Dataset excerpt ▸
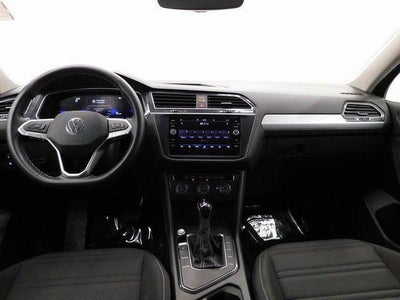 2024 Volkswagen Tiguan 2.0T S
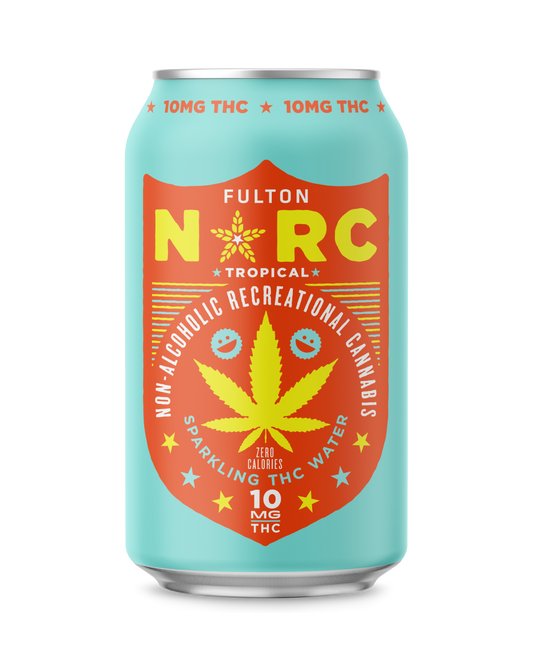 Tropical 10MG 4-pack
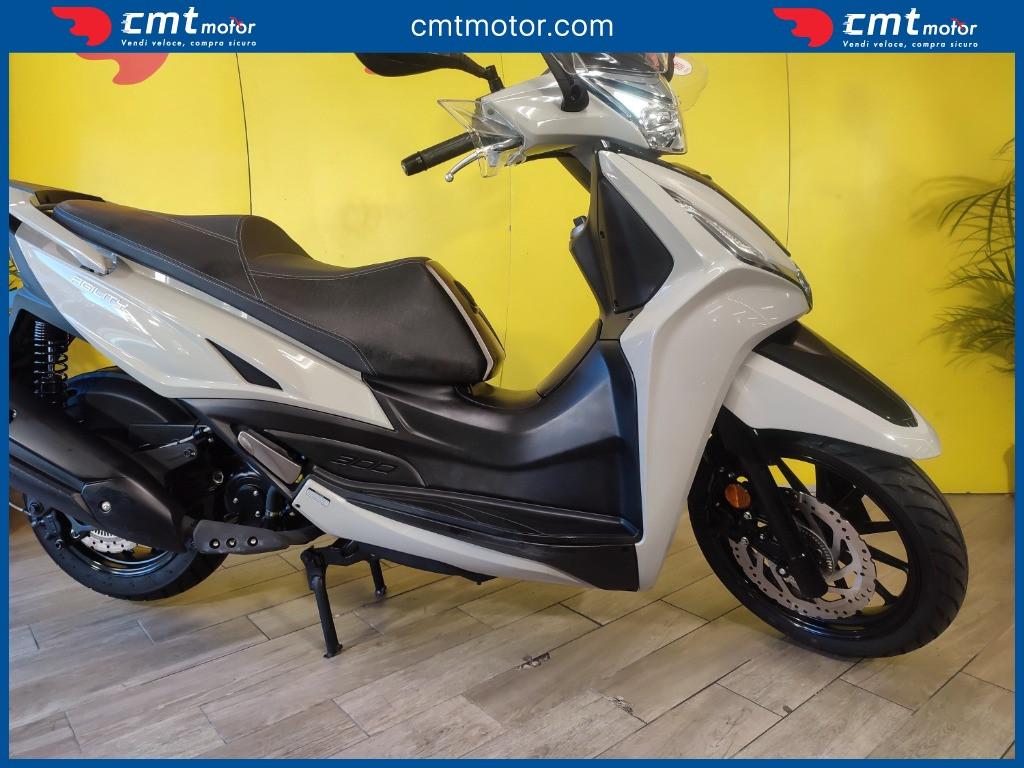 Kymco Agility 300 - 2020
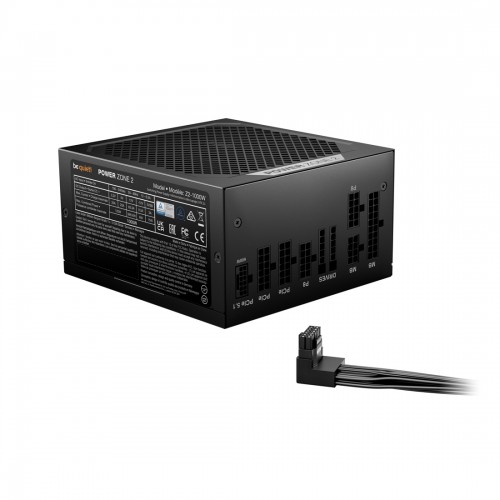 Блок питания Bequiet! POWER ZONE 2 1000W BP008EU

Work to complete ▸ Begin at the line containing "Tropical 10MG 4-pack" and stop at the final line of the data. Retype those lines exactly, without the pictures.

Result of the exercise ▸
 Tropical 10MG 4-pack
 Kymco Agility 300 - 2020
 Блок питания Bequiet! POWER ZONE 2 1000W BP008EU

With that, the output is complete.